To be sure, a near-term market retreat may not be completely out of the picture, given the typical seasonal weakness in August and September, but investors should view these dips as opportunities to buy, according to Lynch.
“The S&P 500 closed in the green in April, May, June and July of this year, something that has happened in only 10 other years since 1950. In each of those years, stocks closed higher over the final five months of the year every time,” he said.
His sunny outlook fits with bullish projections from other Wall Street strategists such as Stephen Suttmeier, a technical research analyst at Bank of America Merrill Lynch, who believes the S&P 500 could test 3,000 as early as 2019 given the market’s similarity to the bull market of the 1950s when interest rates started to rise from their lows.
Meanwhile, not everyone agrees that the bull market began in March 2009, with some arguing that it is better understood as having begun in March 2013, when the S&P 500 took out its precrisis closing high, and others contending the current run began as recently as February 2016.
Jeff Saut, chief investment strategist at Raymond James, is one such expert who discounts the theory that a bull market ends whenever there are bone-jarring crashes.
“Just because there is 20% plus pullback, it does not end a secular bull market,” he said.
In his view, the bull market that started in 1949 lasted until 1966, even with the more than 30% slide amid President John F. Kennedy’s 1962 steel crisis.
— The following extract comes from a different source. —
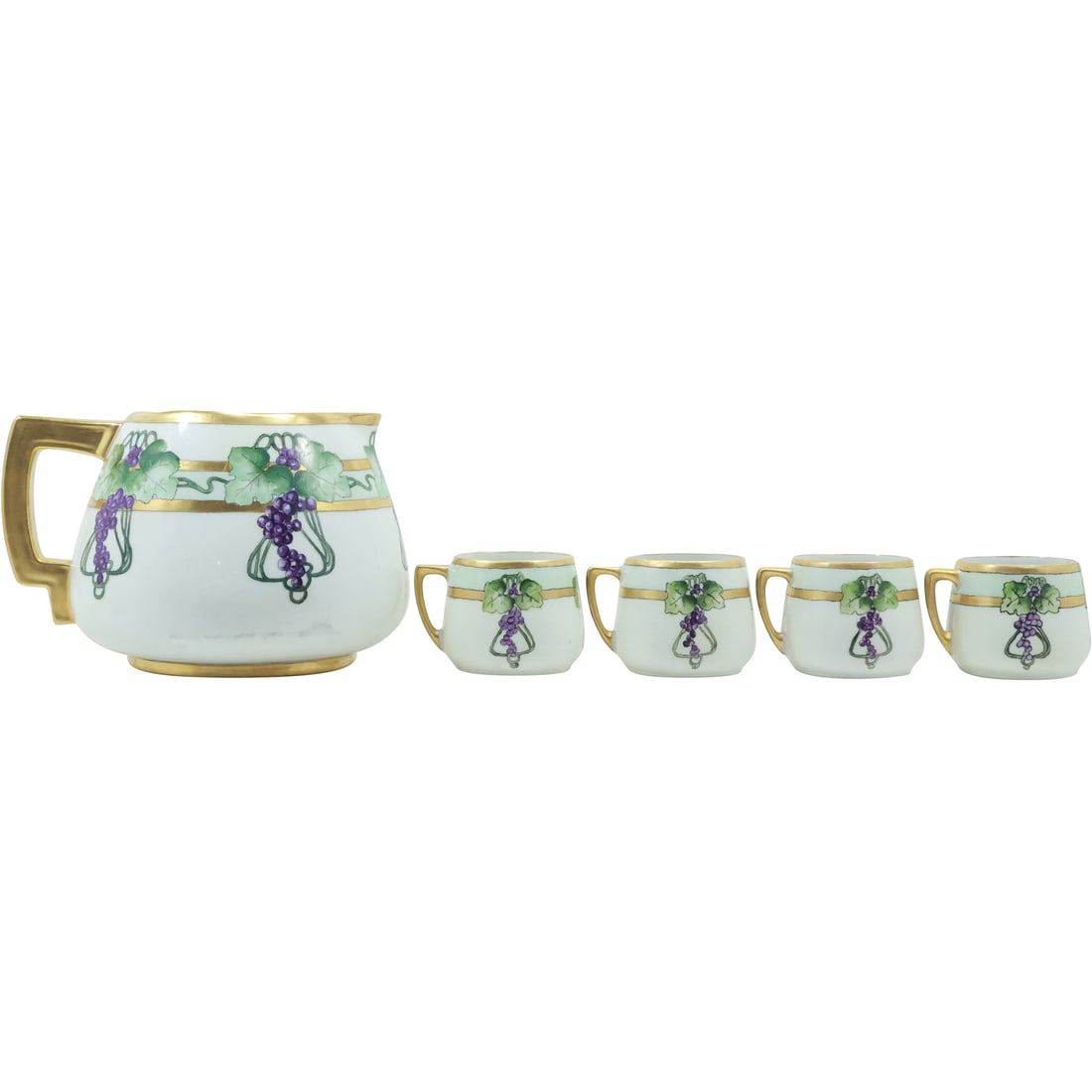 Bavaria Art Nouveau Fine Porcelain Pitcher with 4 Matching Mugs Grape and Leaves, Gold Gilt (1 of 20)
He also argues that the bull market born in 1982 survived until 2000, withstanding the 1987 crash.
Saut, in fact, believes secular bull markets tend to last at a minimum 14 years and predicts this bull have years to go as long as there are no black swans which by definition are events that are highly improbable but have major consequences in retrospect.
By that measure, the bull market may just have hit the best years of its life.